> Work request:
Whatever appears in the records, retype it exactly, except for the pictures.

(Scraped caption text data)
■ ■ ■ ■

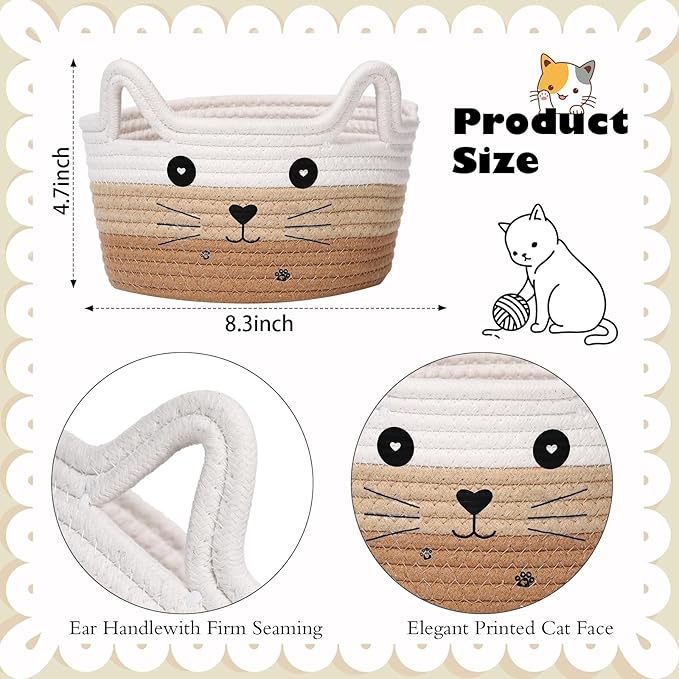 Zopeal Cat Basket Storage Woven Organizer with Ears Christmas Decorative Pet Toy Cute Cotton Rope Basket for Gift Cat Dog Toy Bin Nursery Room(8.3 x 4.7 Inch,White Khaki Brown)
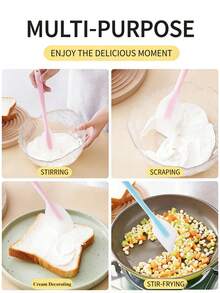 5pcs Multi-Color Premium Silicone Spatula Set, Non-Stick Heat Resistant Kitchen Tools, Dishwasher Silicone Scraper, Suitable For Cooking & Baking, Compatible With Cake Molds - Multicolor - View 6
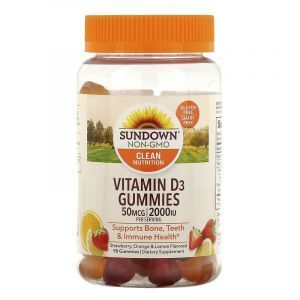 Витамин Д3, Vitamin D3, Sundown Naturals, 2000 МЕ, клубника, апельсин, лимон, 90 жевательных конфет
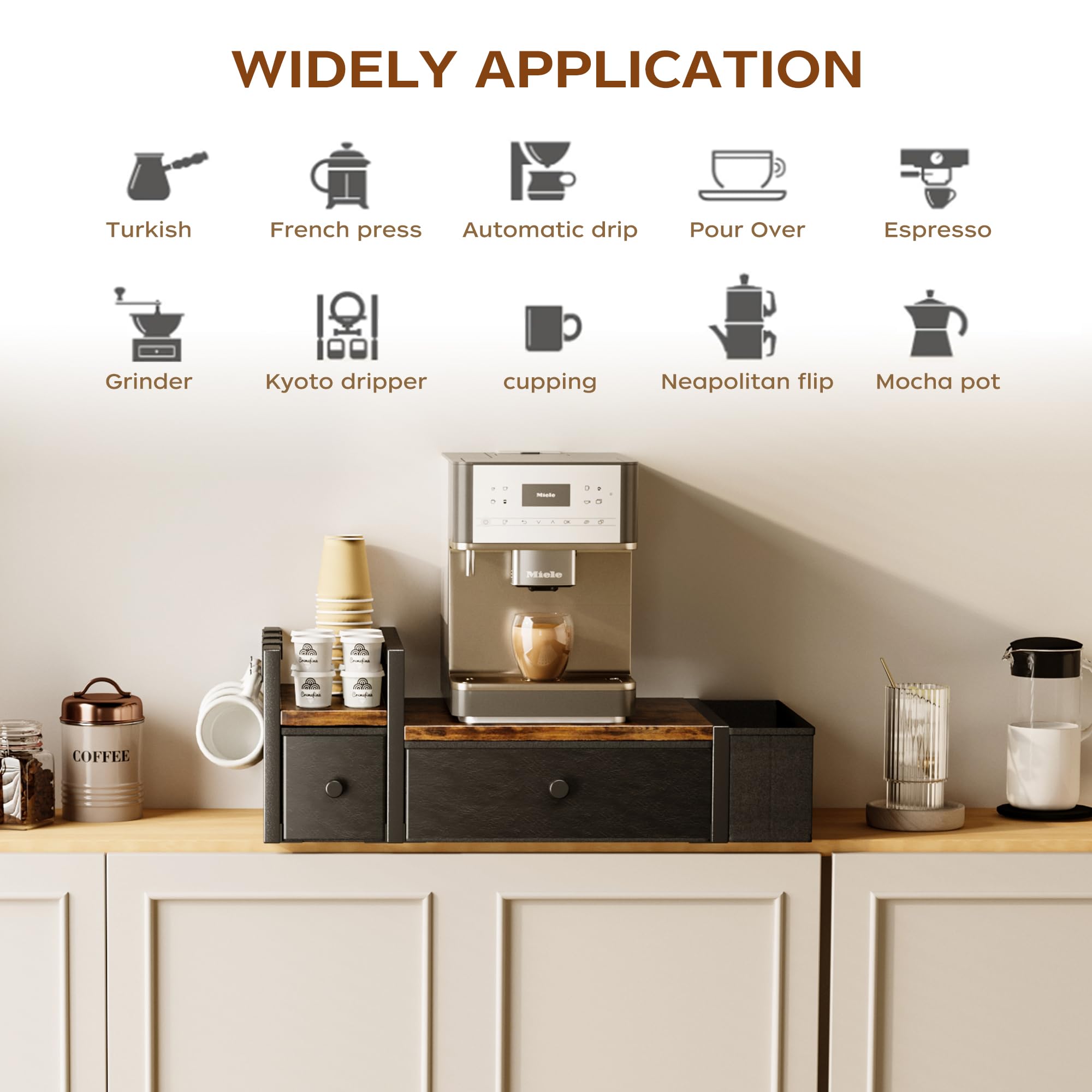 Homeiju countertop coffee storage fits a compact kitchen or office area.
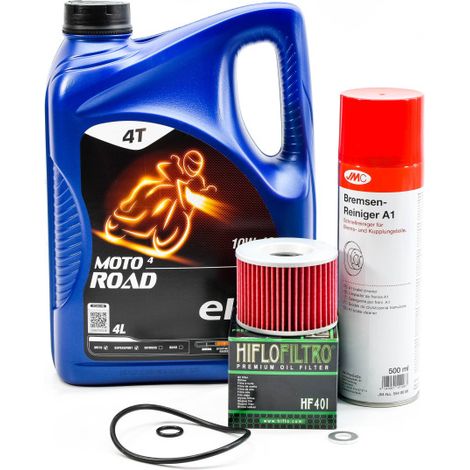 Kit Entretien Vidange pour KAWASAKI ZZR 1100 de 1990 à 2001 - ELF MOTO 4 ROAD 10w40 4L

■ ■ ■ ■

> Written answer:
 Zopeal Cat Basket Storage Woven Organizer with Ears Christmas Decorative Pet Toy Cute Cotton Rope Basket for Gift Cat Dog Toy Bin Nursery Room(8.3 x 4.7 Inch,White Khaki Brown)
 5pcs Multi-Color Premium Silicone Spatula Set, Non-Stick Heat Resistant Kitchen Tools, Dishwasher Silicone Scraper, Suitable For Cooking & Baking, Compatible With Cake Molds - Multicolor - View 6
 Витамин Д3, Vitamin D3, Sundown Naturals, 2000 МЕ, клубника, апельсин, лимон, 90 жевательных конфет
 Homeiju countertop coffee storage fits a compact kitchen or office area.
 Kit Entretien Vidange pour KAWASAKI ZZR 1100 de 1990 à 2001 - ELF MOTO 4 ROAD 10w40 4L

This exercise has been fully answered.